Introduction — Learning Through Making

Teaching and studio practice are deeply connected in my work. I see the classroom as an extension of the studio — a place for experimentation, observation, and discovery. My approach to teaching begins with process rather than product. Students are encouraged to test materials, ideas, and formats, learning through the rhythm of iteration, failure, and reflection.

Each course I design is a framework for inquiry — a chance to explore how drawing, design, and perception help us understand and reinterpret the world around us.

Studio as Laboratory

My teaching mirrors my own working methods: layering, editing, and building form through experimentation. Assignments often begin with open prompts that invite students to observe the world, abstract it, and ultimately reconstruct it in new visual languages.

I emphasize the role of intuition and process — giving students permission to make mistakes, discover relationships between form and idea, and uncover meaning through doing. The studio becomes a lab where students develop both technical skill and conceptual fluency.

Research Interests

My research focuses on the intersections between drawing, design, and contemporary image-making. I’m interested in how visual processes — such as repetition, disruption, and reconstruction — shape both creative thinking and learning outcomes.

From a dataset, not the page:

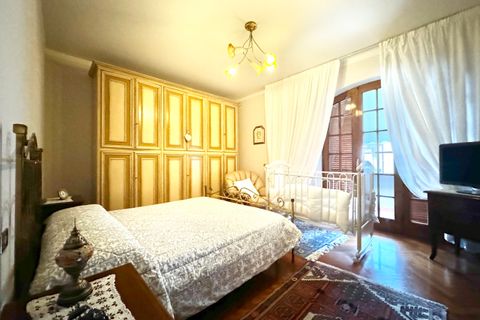 Villa a Pietrasanta, Lucca, Pietrasanta - € 3.500/mes | Ref: 2073 - foto 41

Current investigations explore how analog and digital tools can work together in the classroom to expand traditional definitions of drawing and design, and how these hybrid processes foster a culture of visual problem-solving and collaboration.

STUDENT PROJECTS

I’ve developed a number of projects that merge culture, material exploration, and personal expression:

  • Shawl We? — students reinterpret traditional Arab patterns into contemporary textile designs.

  • UNseen Selfie — students examine identity and perception through layered, non-literal portraiture.

  • Cultural Threads — a project exploring abstraction, repetition, and pattern through the lens of local heritage.

These projects are designed to bridge individual creativity and shared cultural context — helping students see design as both personal and collective practice.

Teaching Philosophy

I believe that great teaching creates conditions for discovery. My role is to set those conditions — to challenge assumptions, support risk-taking, and model curiosity. I aim to cultivate an environment where students learn not only how to make things, but how to think through making.

Teaching, for me, is a cyclical process: the insights that emerge from the classroom inform my own studio research, which in turn shapes the next iteration of a course. In that way, learning never ends — it evolves.

Teaching and research are extensions of the same practice: both are acts of observation, translation, and continual renewal.